--- MATERIAL PROVIDED Enclosed Below ---
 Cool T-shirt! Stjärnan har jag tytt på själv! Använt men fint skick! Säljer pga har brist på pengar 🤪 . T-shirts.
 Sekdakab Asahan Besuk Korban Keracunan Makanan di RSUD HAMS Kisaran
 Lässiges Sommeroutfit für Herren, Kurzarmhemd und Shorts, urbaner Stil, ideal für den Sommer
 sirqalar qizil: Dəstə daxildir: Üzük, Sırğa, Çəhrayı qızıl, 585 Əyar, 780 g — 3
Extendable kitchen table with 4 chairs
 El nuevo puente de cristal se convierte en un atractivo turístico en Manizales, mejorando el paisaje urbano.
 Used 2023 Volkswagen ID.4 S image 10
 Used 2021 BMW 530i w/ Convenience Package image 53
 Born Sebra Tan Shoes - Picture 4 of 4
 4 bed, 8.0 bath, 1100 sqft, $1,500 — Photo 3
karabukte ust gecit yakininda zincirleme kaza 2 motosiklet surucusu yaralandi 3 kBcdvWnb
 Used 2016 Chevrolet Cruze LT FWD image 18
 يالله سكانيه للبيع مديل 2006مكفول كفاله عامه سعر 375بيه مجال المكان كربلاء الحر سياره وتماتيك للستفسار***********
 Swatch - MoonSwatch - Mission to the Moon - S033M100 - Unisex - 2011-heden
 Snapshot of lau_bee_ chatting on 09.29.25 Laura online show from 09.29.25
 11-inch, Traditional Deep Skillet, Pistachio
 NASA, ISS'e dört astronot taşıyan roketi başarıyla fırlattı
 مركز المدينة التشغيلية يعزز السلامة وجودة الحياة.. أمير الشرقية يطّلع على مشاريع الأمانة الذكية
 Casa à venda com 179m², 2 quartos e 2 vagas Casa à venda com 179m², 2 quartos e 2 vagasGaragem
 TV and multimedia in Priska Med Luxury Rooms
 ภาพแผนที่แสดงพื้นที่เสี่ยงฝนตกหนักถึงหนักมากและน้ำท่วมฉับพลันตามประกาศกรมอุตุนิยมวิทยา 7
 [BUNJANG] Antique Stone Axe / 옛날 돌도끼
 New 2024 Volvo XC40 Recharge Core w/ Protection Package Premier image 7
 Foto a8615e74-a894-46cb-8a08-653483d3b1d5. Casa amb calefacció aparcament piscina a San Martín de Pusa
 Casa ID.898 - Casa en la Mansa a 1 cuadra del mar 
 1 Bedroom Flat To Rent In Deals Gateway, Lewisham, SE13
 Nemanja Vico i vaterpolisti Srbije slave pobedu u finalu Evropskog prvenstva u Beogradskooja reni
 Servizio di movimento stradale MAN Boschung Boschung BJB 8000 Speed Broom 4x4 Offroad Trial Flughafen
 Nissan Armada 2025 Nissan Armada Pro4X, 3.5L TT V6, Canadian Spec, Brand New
--- End of Enclosed MATERIAL PROVIDED ---
WORK TO COMPLETE:
Produce an exact copy of every entry above.

RESULT OF THIS EXERCISE:
 Cool T-shirt! Stjärnan har jag tytt på själv! Använt men fint skick! Säljer pga har brist på pengar 🤪 . T-shirts.
 Sekdakab Asahan Besuk Korban Keracunan Makanan di RSUD HAMS Kisaran
 Lässiges Sommeroutfit für Herren, Kurzarmhemd und Shorts, urbaner Stil, ideal für den Sommer
 sirqalar qizil: Dəstə daxildir: Üzük, Sırğa, Çəhrayı qızıl, 585 Əyar, 780 g — 3
Extendable kitchen table with 4 chairs
 El nuevo puente de cristal se convierte en un atractivo turístico en Manizales, mejorando el paisaje urbano.
 Used 2023 Volkswagen ID.4 S image 10
 Used 2021 BMW 530i w/ Convenience Package image 53
 Born Sebra Tan Shoes - Picture 4 of 4
 4 bed, 8.0 bath, 1100 sqft, $1,500 — Photo 3
karabukte ust gecit yakininda zincirleme kaza 2 motosiklet surucusu yaralandi 3 kBcdvWnb
 Used 2016 Chevrolet Cruze LT FWD image 18
 يالله سكانيه للبيع مديل 2006مكفول كفاله عامه سعر 375بيه مجال المكان كربلاء الحر سياره وتماتيك للستفسار***********
 Swatch - MoonSwatch - Mission to the Moon - S033M100 - Unisex - 2011-heden
 Snapshot of lau_bee_ chatting on 09.29.25 Laura online show from 09.29.25
 11-inch, Traditional Deep Skillet, Pistachio
 NASA, ISS'e dört astronot taşıyan roketi başarıyla fırlattı
 مركز المدينة التشغيلية يعزز السلامة وجودة الحياة.. أمير الشرقية يطّلع على مشاريع الأمانة الذكية
 Casa à venda com 179m², 2 quartos e 2 vagas Casa à venda com 179m², 2 quartos e 2 vagasGaragem
 TV and multimedia in Priska Med Luxury Rooms
 ภาพแผนที่แสดงพื้นที่เสี่ยงฝนตกหนักถึงหนักมากและน้ำท่วมฉับพลันตามประกาศกรมอุตุนิยมวิทยา 7
 [BUNJANG] Antique Stone Axe / 옛날 돌도끼
 New 2024 Volvo XC40 Recharge Core w/ Protection Package Premier image 7
 Foto a8615e74-a894-46cb-8a08-653483d3b1d5. Casa amb calefacció aparcament piscina a San Martín de Pusa
 Casa ID.898 - Casa en la Mansa a 1 cuadra del mar 
 1 Bedroom Flat To Rent In Deals Gateway, Lewisham, SE13
 Nemanja Vico i vaterpolisti Srbije slave pobedu u finalu Evropskog prvenstva u Beogradskooja reni
 Servizio di movimento stradale MAN Boschung Boschung BJB 8000 Speed Broom 4x4 Offroad Trial Flughafen
 Nissan Armada 2025 Nissan Armada Pro4X, 3.5L TT V6, Canadian Spec, Brand New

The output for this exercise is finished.